* **Data**

========================================

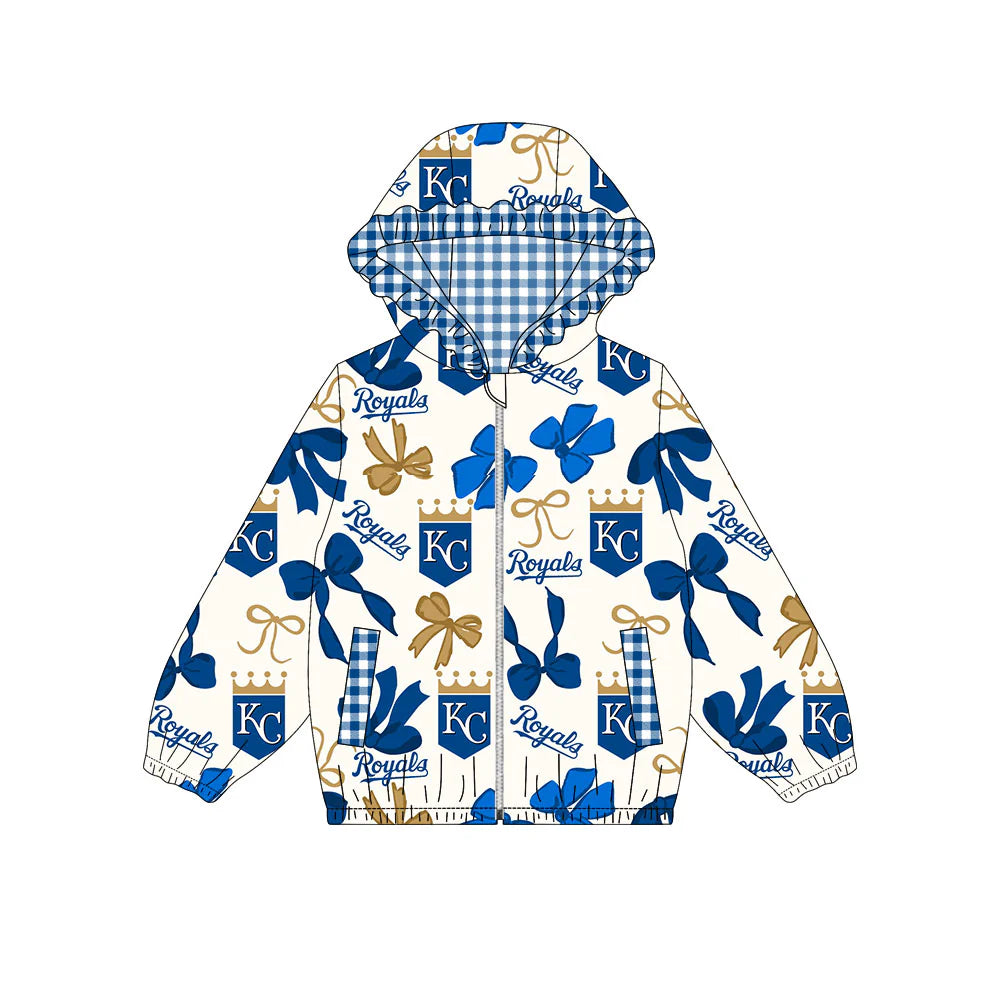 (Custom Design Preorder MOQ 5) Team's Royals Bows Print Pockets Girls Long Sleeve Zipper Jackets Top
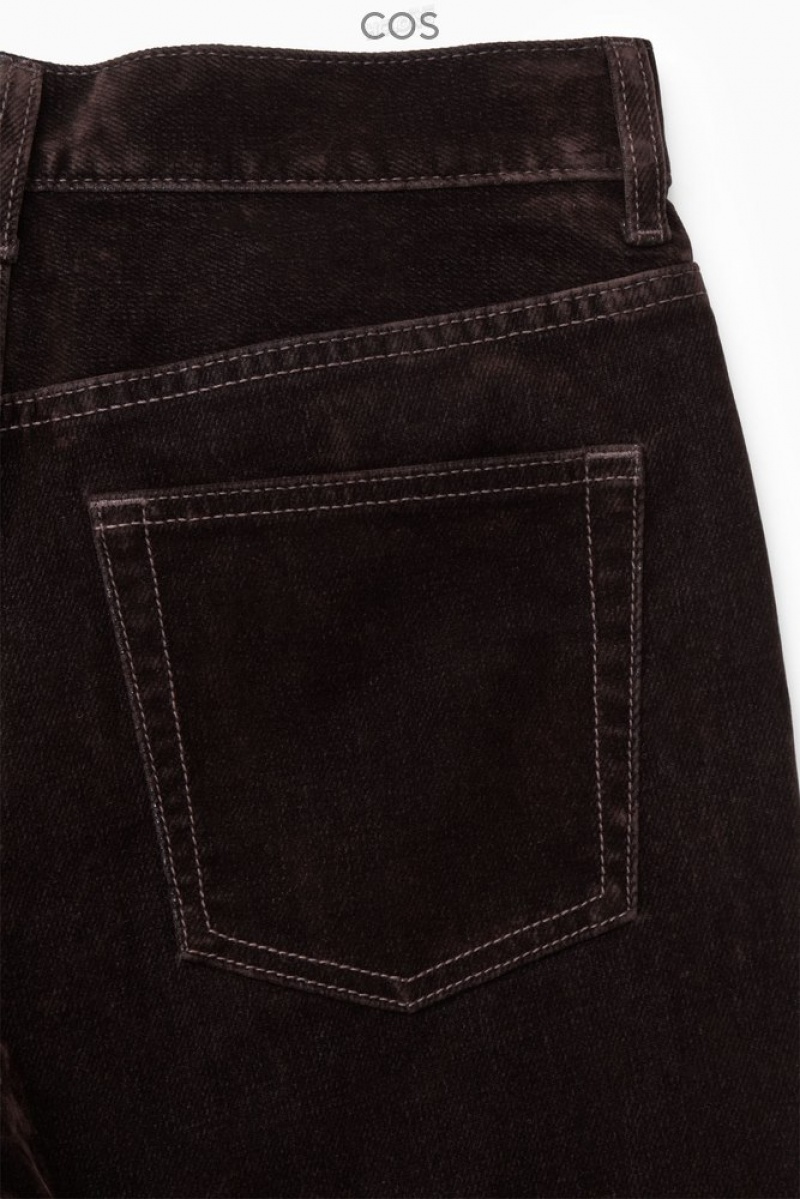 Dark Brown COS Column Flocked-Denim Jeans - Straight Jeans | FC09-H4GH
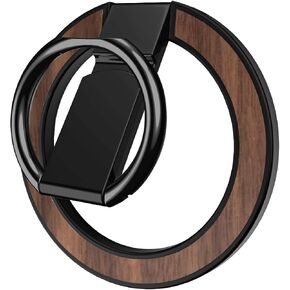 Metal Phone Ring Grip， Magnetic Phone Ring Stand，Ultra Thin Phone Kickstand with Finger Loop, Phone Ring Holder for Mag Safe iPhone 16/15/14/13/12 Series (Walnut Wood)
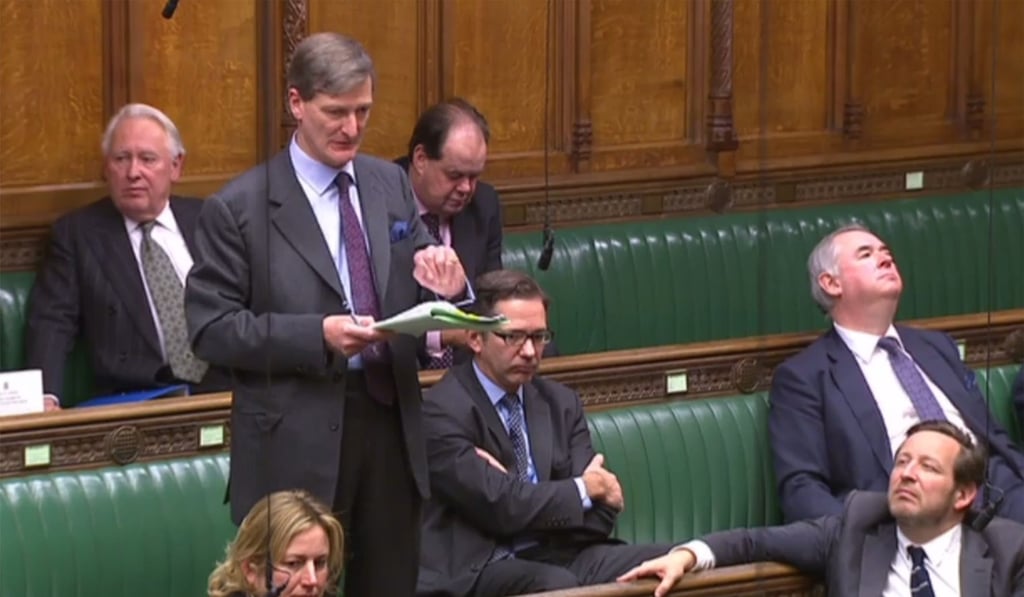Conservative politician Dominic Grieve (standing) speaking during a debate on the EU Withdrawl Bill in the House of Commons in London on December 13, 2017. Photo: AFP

========================================

* **What is required**
A faithful copy is needed of the lines from the one containing "Dark Brown COS" through the last line of the data above, with pictures left out.

* **Response to the exercise**
 Dark Brown COS Column Flocked-Denim Jeans - Straight Jeans | FC09-H4GH
 Metal Phone Ring Grip， Magnetic Phone Ring Stand，Ultra Thin Phone Kickstand with Finger Loop, Phone Ring Holder for Mag Safe iPhone 16/15/14/13/12 Series (Walnut Wood)
Conservative politician Dominic Grieve (standing) speaking during a debate on the EU Withdrawl Bill in the House of Commons in London on December 13, 2017. Photo: AFP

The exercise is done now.